Activist says Apple, other big companies should disclose labor policies

“An activist firm is asking more than 30 big-name companies from Tesla Inc. to Apple Inc. to disclose more information on employment practices that it warns may be anti-competitive,” Leslie Patton reports for Bloomberg.

“CtW Investment Group, which works with a coalition of union pension funds with more than $250 billion in assets, is sending letters to more than 30 companies seeking disclosure on their policies that it says can set workers up for reduced mobility, lower pay or even the inability to escape workplace harassment,” Patton reports. “The letters target non-compete agreements, no-poaching rules, mandatory arbitration or non-disclosure agreements, and ask directors to ultimately provide reports to shareholders on the practices.”

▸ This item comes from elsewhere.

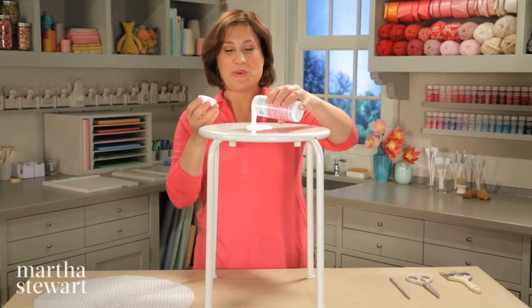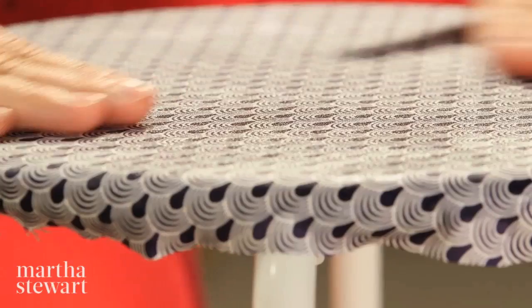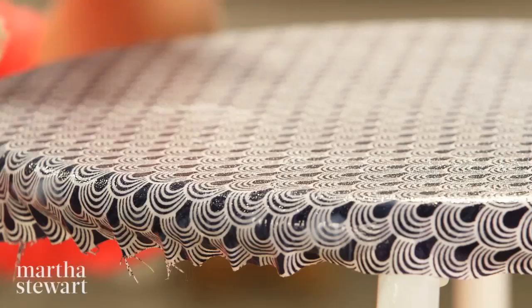Now comes the fun part. I'm just going to pour a bunch of decoupage medium right on the top and spread it around with a big brush. Use a really thick coat because you don't want it to dry before you're done placing your fabric. Then when centering the fabric, smooth it all on. And I'm going to paint a nice coat on top as well, so this really seals the fabric.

“CtW argues that requiring workers to solve conflicts through arbitration, instead of in a judicial court, could mean practices such as wage theft and discrimination aren’t detected or stopped,” Patton reports. “Such agreements have all come under harsher scrutiny in recent years amid the rise of the #MeToo movement and the sluggishness of wage growth. Last week, the Economic Policy Institute, whose board is chaired by AFL-CIO President Richard Trumka, released a proposed workplace reform agenda for Congress that includes banning forced arbitration, as well as almost all non-competes.”

Read more in the full article here.

MacDailyNews Take: We’ll be interested to see how Apple responds to CtW’s inquiry.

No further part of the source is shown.